# Carp flies?



## TheCream (Mar 19, 2009)

Clayton, I remember you said on here you chased some carp this past year, I'm looking for good patterns to tie up for chasing carp this spring. So far I am just looking through catalogs and trying to copy their patterns. I got these two from a Feather Craft catalog:

Carpolicious










Headstand










Any suggestions? I ordered some more materials to do a few other patterns but was hoping for some input from some folks who have had success on carp. This will be my first attempt with a fly rod. Thanks in advance!


----------



## wabi (Jun 14, 2008)

I'll be watching for answers, too. 

I'm thinking of ordering a sinking tip line for my 8wt and making (or buying a furled) some flurocarbon leader(s).
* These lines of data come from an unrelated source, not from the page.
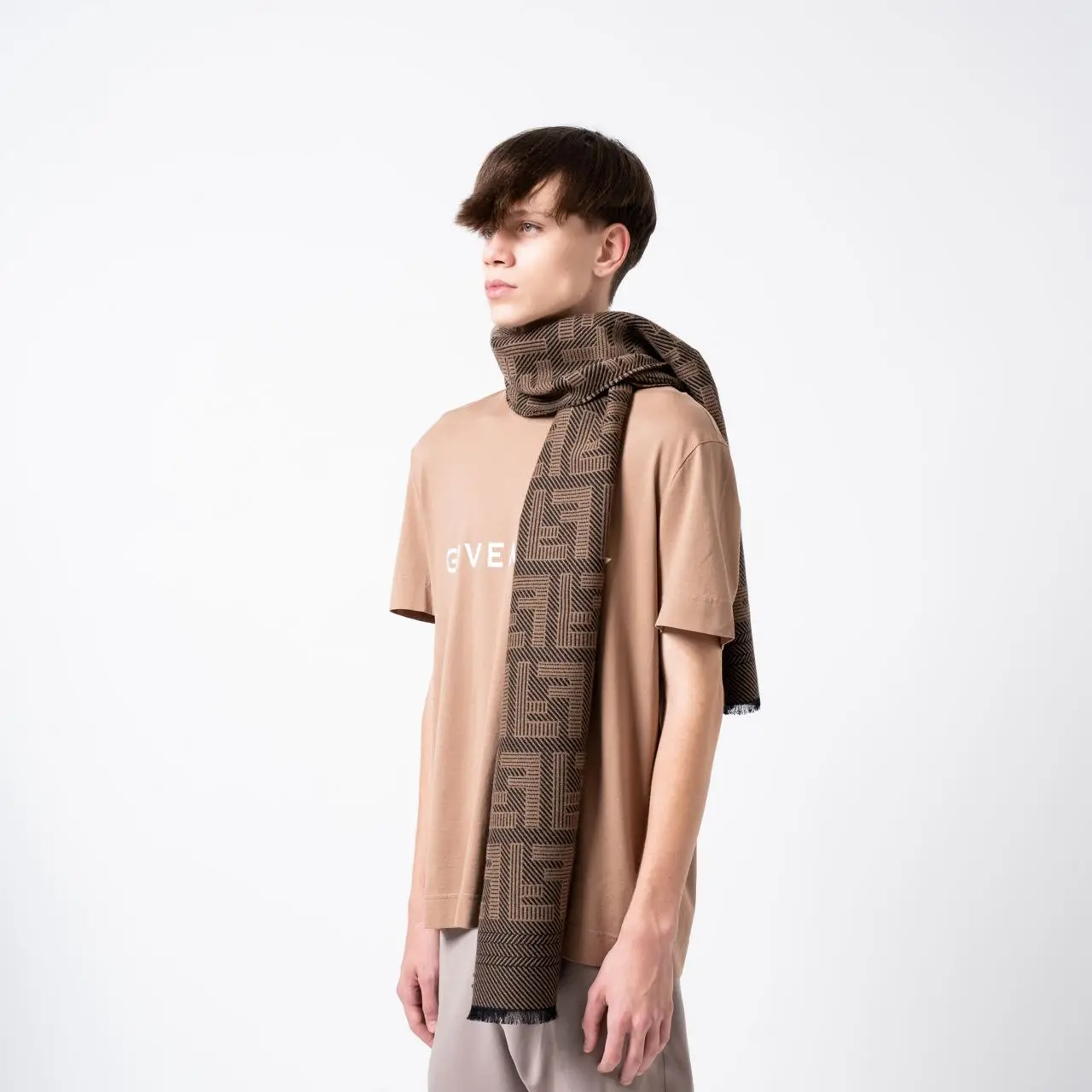 Fendi Wool and Silk Scarf Brown – voilà.id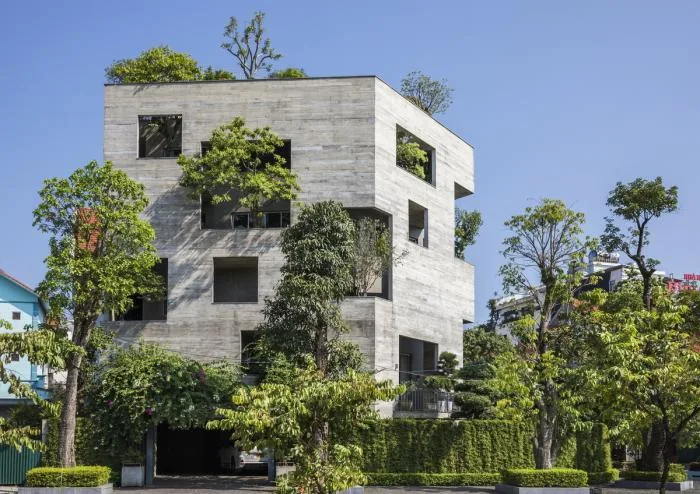 BIM Architecture | Living in the Jungle: Vietnam's 'Five Corner Plan' Tree House/Wu Chongyi Architectural Firm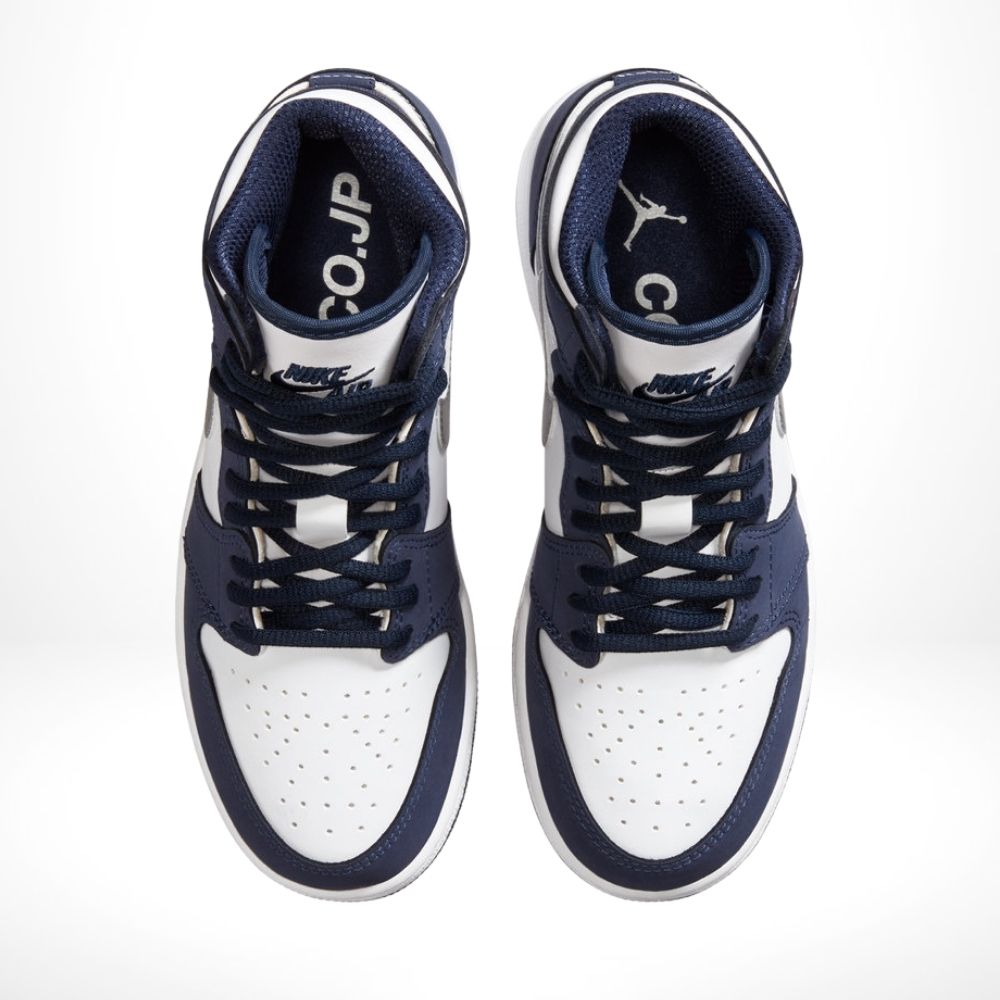 Air Jordan 1 Retro High in Midnight Navy - product image from the listing.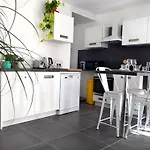 Beautifully Bright Apartment In Old Town Saint-Tropez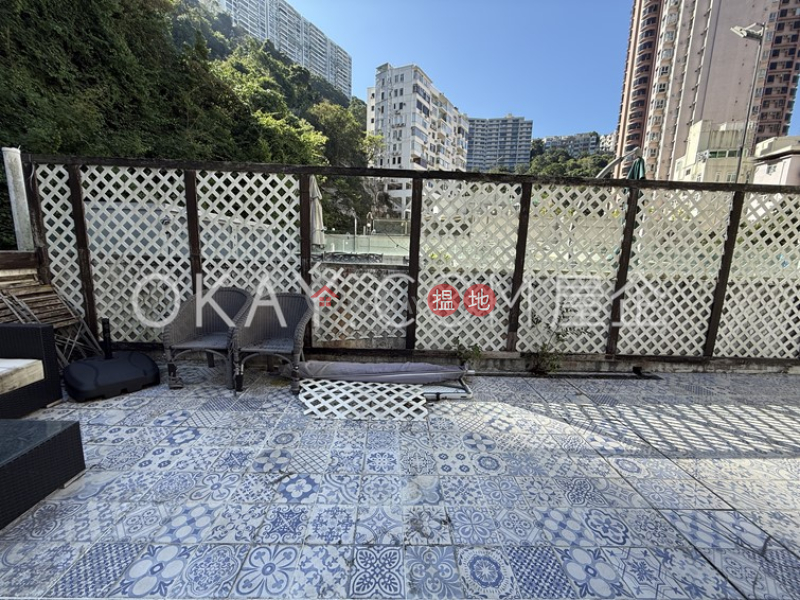 Generous 1 bedroom on high floor with rooftop | For Sale | 7 Village Terrace 山村臺 7 號 Sales Listings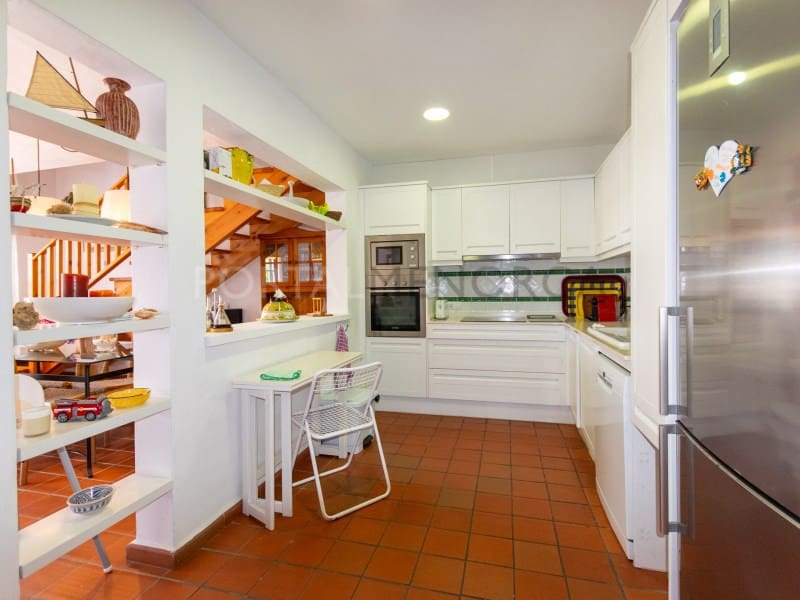 4 bedroom Apartment for sale in Fornells - € 633,000 (Ref: 9402081)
I like the looks of the headstand.


----------



## flytyer (Jan 3, 2005)

Those look like the carp should eat'em. You may also want to tie some up without any weight incase you find them shallow. Carp are pretty spooky when shallow and a weighted fly just might send them into the next county when it lands on the water. 
Don't forget to tie up some small crayfish patterns too. Carp like crayfish.


----------



## TheCream (Mar 19, 2009)

flytyer said:


> Those look like the carp should eat'em. You may also want to tie some up without any weight incase you find them shallow. Carp are pretty spooky when shallow and a weighted fly just might send them into the next county when it lands on the water.
> Don't forget to tie up some small crayfish patterns too. Carp like crayfish.


I also read somewhere they eat leeches, so I am assuming a small (Maybe #10 or 12?) black bugger should work? The eyes on these flies are essentially weightless, they are bead chain eyes, not the heavy brass or lead.


----------



## Salmonid (Apr 14, 2004)

I use smallie paterns year round for carp, just depends what watershed i am fishing, if the watershed has an abundance of crayfish, thats what Ill fish, if it has lots of Helgramites, thats what ill fish. If I am hitting them on the mud, sight feeding, Il always catch them with a oversized Rock Worm pattern ( #10) Might also mention that the Bead Headed Copper John under a float has taken more carp then any other fly I ever fished, Ive probably taken over 50-60 carp with em, so dont overlook then. I might also mention that mudding carp always have smallies around getting leftovers so by using smallie flies, youll often get the bonus smallie. 
Bottom line is carp eat what smallies do in those same streams so dont make it over complicatd here folks. Just my .02
Stick with smaller flies, like #10-12 for crayfish, leeches, helgramites and smaller for nymphs, I usually will lightly weight my flies with wire so they look more natural.

Salmonid
PS its warmwater discharge time folks, never overlook the opportunity to get a snow carp


----------



## Flyfish Dog (Nov 6, 2007)

3 that I know that work well from what ones that fiish for them are Carp Clouser, Carp Candy and small crayfish patterns. I have a bunch of mulberry flies but nothing has been interested in them though. Smaller is better and I agree what Salmonid has posted. But never thought about the rock worm though. Will have to take them along to. I got a little simple crayfish pattern that rocked the trouts this past fall and my have to post it after all.


----------



## TheCream (Mar 19, 2009)

I figured small would be the way to go, the two I posted are #10's. I think I have seen the Carp Candy somewhere, I'll look for a recipe to that one. What is the difference in the Caarp Clouser vs. a regular Clouser minnow? Color pattern? Size? Both?


----------



## TexasPete (Apr 26, 2005)

Clayton likes Olive wooly buggers...conehead variety- size 10

Clouser swimming nymph

Barry's Carp Fly

The dumbell/bead-chain eye set-up looks good- a lot of professionally tied carp flies are designed with that idea in mind so the hook point rides up as it settles on the bottom.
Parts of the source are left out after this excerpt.